Frankly, since it was on Netflix, I’d already went ahead and watched it, before consulting the scores just to see where my opinion stood.

I’d go so far as to award an even higher score than Tyler F. M. Edwards over at Superior Realities.

I liked Bright. I liked it a lot.

I don’t think I can stretch it to “I loved it,” because it’s rough around the edges, but it was enjoyable and entertaining, and painted an audio-visual picture of a believable enough world that’s the closest thing to Shadowrun as seen on the big screen. For now, anyway.

The plot had a beginning, middle and end, and was relatively consistent and believable.

Sadly, the same can’t be said for a good number of movies which have you going, “Wait, what?” “Huh?” “How did plot point A that led to B suddenly leap to J and P and K, instead of logically following to C and D?” and then reaching for a mobile device to look up a synopsis on Wikipedia in the hope that someone summarized it in an understandable manner.

There were some cool story moments and subtle worldbuilding scenes (amidst more heavy-handed ones – just assume they have to include those to cater to a more mainstream audience’s ability to understand.)

Case in point, the worldbuilding at the beginning of the movie is spot on.

It starts very modern contemporary, just mixing in some fantasy from time to time.

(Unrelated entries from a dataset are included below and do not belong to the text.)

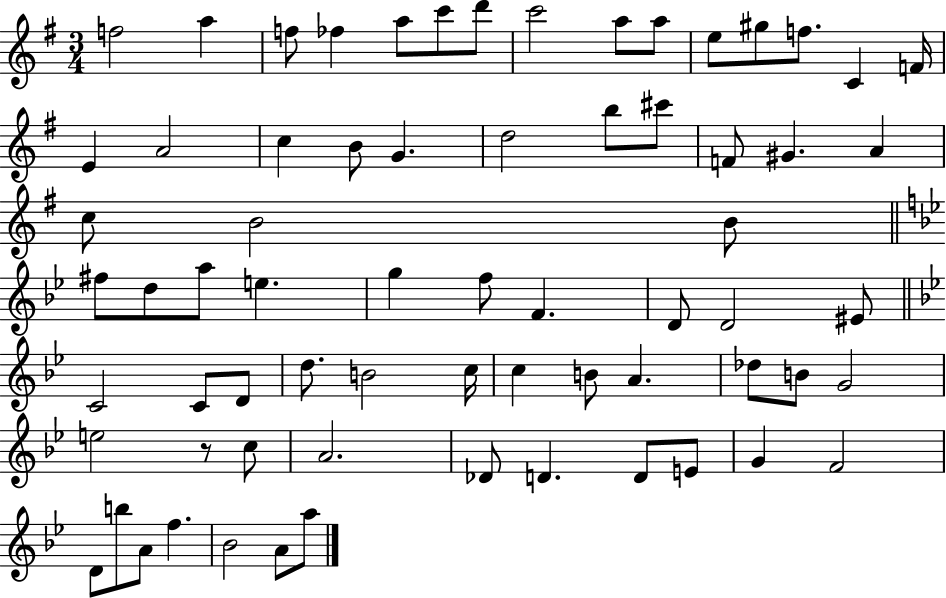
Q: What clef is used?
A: treble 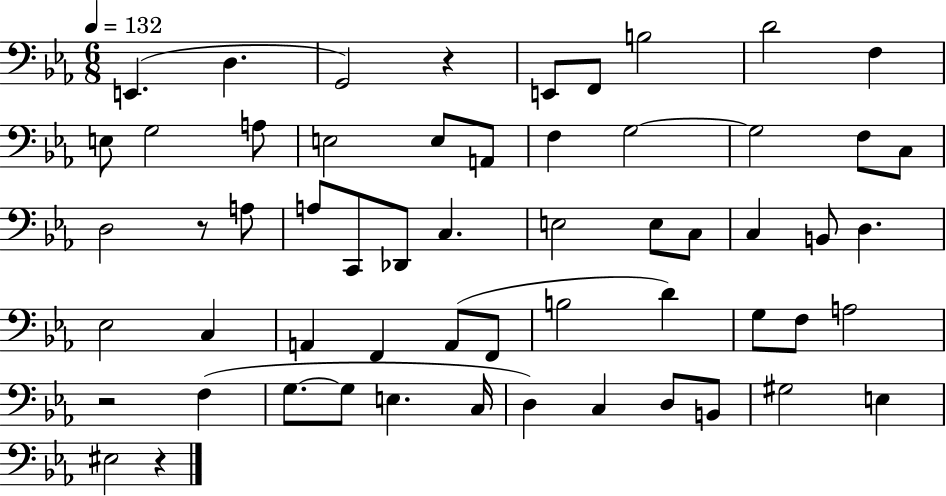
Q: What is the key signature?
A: EES major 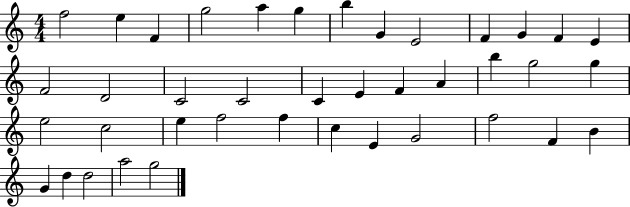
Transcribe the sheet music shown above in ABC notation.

X:1
T:Untitled
M:4/4
L:1/4
K:C
f2 e F g2 a g b G E2 F G F E F2 D2 C2 C2 C E F A b g2 g e2 c2 e f2 f c E G2 f2 F B G d d2 a2 g2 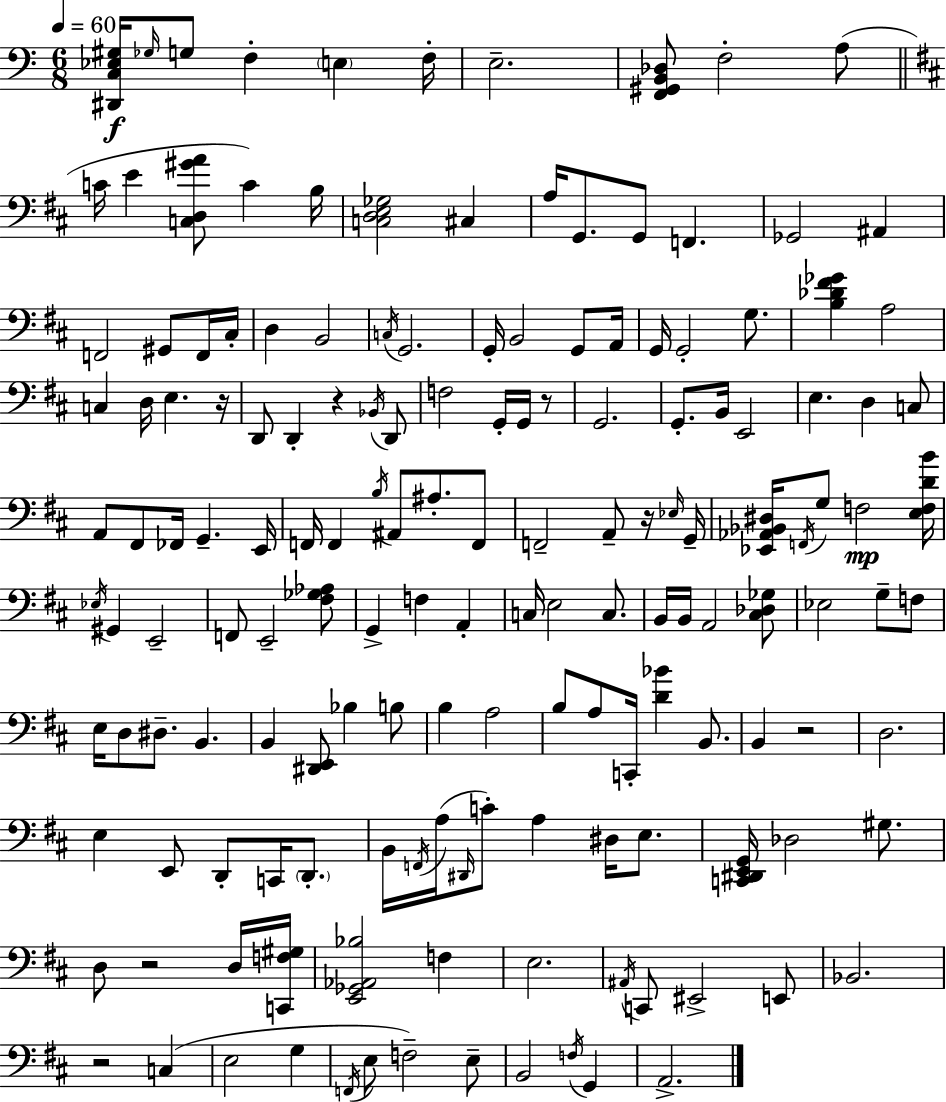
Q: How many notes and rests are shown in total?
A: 158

Here’s some Orkish graffiti; here’s some Orcs so you know how they look like in this world (visually very akin to the Shadowrun backstory of Goblinization of humans as magic came into the world, even if the script indicates this world has had the fantasy races for far longer for some two thousand years); here’s this Fairy that’s not really considered sentient but more on the level of a pest and people treating this magical creature as a perfectly ordinary occurrence in this particular world.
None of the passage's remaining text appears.